[UE5, Networking] Should this go into the GameMode?

So far I’ve been working on a lot of things unrelated to networking and level building, but I want to change that.

Simplified, this is what I learnt about these classes:

gamemode (Server)

  • Holds private game rules.
  • Pulls and verifies replicated data from the GameState.
  • When a rule is met to switch to the next game “stage” it will instruct the GameState to do so.

gamestate (Server + Client, replicated)

  • Tracks and replicates data relevant to the GameMode’s rules such as team scores, match timer.
  • Holds stages (Lobby, start of match, end of match, score board).

I find myself questioning where the level related logic has to go. Think of Left 4 Dead which has a “Director” class which manages when and where zombies will spawn in a level. This Director would be private, server side only (GameMode?) but it’s spawns are replicated (Spawn handling in GameState stage?).

Makes sense. But what about zombie spawn positions? Zombie classes? They differ per level. Does this make sense?:

  • GameMode provides GameState with data assets (zombie classes, spawn positions)
  • GameMode instructs GameState to start “match” and timer.
  • GameState keeps track of timer and replicates it to others.
  • GameMode pulls timer data from GameState, after 2 minutes (private rule) it instructs GameState to spawn zombies of class A to position X, which automatically replicates them to all players.

What code do we do in the level? So far I have written absolutely 0 code in any of my levels, I just use them to place actors, meshes and other visuals, not logic. If for ease of editing you would add “spawn points” of zombies to a level and pass that data to the GameMode or GameState you create a circle between classes, this can’t be right.
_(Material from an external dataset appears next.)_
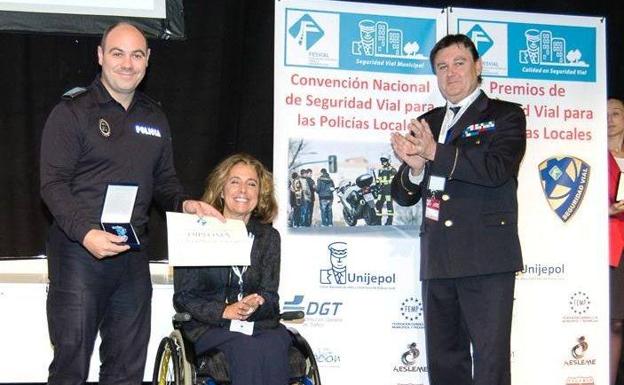 Fesvial premia a Ricardo Alemán con la medalla de oro de sus Premios Nacionales de Policías Locales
Also I saw some awkward implementations of two way client server communication with RPC I don’t currently see the value of. It seems wrong if you at any point have to check your system’s authority within an Actor to switch between code, or have to validate client requests where the server should be leading in the first place?

References:

Networking Overview for Unreal Engine | Unreal Engine 5.1 Documentation

Multiplayer Network Compendium | An Unreal Engine Blog by Cedric Neukirchen

What should I do in GameMode, GameState, and PlayerState? - #2 by Raildex

Network | Unreal Engine Community Wiki

Reddit - Dive into anything

I see level blueprints as a beginner tool for the most part. Higher & more complex logic should probably be stored in manager classes.

In theory you could have one use triggers setup to specific elements placed in the world, but babysitting the settings from level to level would be tedious. I’d probably just build an editor widget toll for authoring level elements in-editor.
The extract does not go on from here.